Every line of the material must come back exactly as given.

═══

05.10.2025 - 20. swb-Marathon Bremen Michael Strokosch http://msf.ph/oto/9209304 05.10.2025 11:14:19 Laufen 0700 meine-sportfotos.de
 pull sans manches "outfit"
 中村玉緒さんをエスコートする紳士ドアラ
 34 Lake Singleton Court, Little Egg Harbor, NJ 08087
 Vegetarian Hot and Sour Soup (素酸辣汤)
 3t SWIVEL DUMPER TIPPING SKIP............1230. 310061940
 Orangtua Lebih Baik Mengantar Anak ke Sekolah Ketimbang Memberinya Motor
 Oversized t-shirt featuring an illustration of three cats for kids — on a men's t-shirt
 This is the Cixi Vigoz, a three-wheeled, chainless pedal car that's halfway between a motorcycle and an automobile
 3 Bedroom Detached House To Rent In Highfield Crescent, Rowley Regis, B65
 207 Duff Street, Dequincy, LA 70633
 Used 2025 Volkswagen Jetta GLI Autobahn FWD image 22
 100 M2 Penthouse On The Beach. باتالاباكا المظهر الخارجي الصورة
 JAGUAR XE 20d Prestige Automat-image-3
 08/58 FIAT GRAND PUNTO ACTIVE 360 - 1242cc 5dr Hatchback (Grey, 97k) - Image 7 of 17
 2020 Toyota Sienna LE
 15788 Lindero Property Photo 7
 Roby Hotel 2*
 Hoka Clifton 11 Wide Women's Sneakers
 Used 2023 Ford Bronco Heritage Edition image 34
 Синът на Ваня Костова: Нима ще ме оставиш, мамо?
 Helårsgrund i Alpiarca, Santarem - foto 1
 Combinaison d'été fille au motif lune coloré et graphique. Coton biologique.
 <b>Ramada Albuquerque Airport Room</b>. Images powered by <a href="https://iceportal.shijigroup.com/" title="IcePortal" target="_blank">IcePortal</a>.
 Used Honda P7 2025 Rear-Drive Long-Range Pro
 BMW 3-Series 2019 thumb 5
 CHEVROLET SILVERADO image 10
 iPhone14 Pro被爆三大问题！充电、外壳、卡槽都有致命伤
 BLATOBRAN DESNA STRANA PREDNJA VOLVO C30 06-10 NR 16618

═══

--- Exercise result ---
05.10.2025 - 20. swb-Marathon Bremen Michael Strokosch http://msf.ph/oto/9209304 05.10.2025 11:14:19 Laufen 0700 meine-sportfotos.de
 pull sans manches "outfit"
 中村玉緒さんをエスコートする紳士ドアラ
 34 Lake Singleton Court, Little Egg Harbor, NJ 08087
 Vegetarian Hot and Sour Soup (素酸辣汤)
 3t SWIVEL DUMPER TIPPING SKIP............1230. 310061940
 Orangtua Lebih Baik Mengantar Anak ke Sekolah Ketimbang Memberinya Motor
 Oversized t-shirt featuring an illustration of three cats for kids — on a men's t-shirt
 This is the Cixi Vigoz, a three-wheeled, chainless pedal car that's halfway between a motorcycle and an automobile
 3 Bedroom Detached House To Rent In Highfield Crescent, Rowley Regis, B65
 207 Duff Street, Dequincy, LA 70633
 Used 2025 Volkswagen Jetta GLI Autobahn FWD image 22
 100 M2 Penthouse On The Beach. باتالاباكا المظهر الخارجي الصورة
 JAGUAR XE 20d Prestige Automat-image-3
 08/58 FIAT GRAND PUNTO ACTIVE 360 - 1242cc 5dr Hatchback (Grey, 97k) - Image 7 of 17
 2020 Toyota Sienna LE
 15788 Lindero Property Photo 7
 Roby Hotel 2*
 Hoka Clifton 11 Wide Women's Sneakers
 Used 2023 Ford Bronco Heritage Edition image 34
 Синът на Ваня Костова: Нима ще ме оставиш, мамо?
 Helårsgrund i Alpiarca, Santarem - foto 1
 Combinaison d'été fille au motif lune coloré et graphique. Coton biologique.
 <b>Ramada Albuquerque Airport Room</b>. Images powered by <a href="https://iceportal.shijigroup.com/" title="IcePortal" target="_blank">IcePortal</a>.
 Used Honda P7 2025 Rear-Drive Long-Range Pro
 BMW 3-Series 2019 thumb 5
 CHEVROLET SILVERADO image 10
 iPhone14 Pro被爆三大问题！充电、外壳、卡槽都有致命伤
 BLATOBRAN DESNA STRANA PREDNJA VOLVO C30 06-10 NR 16618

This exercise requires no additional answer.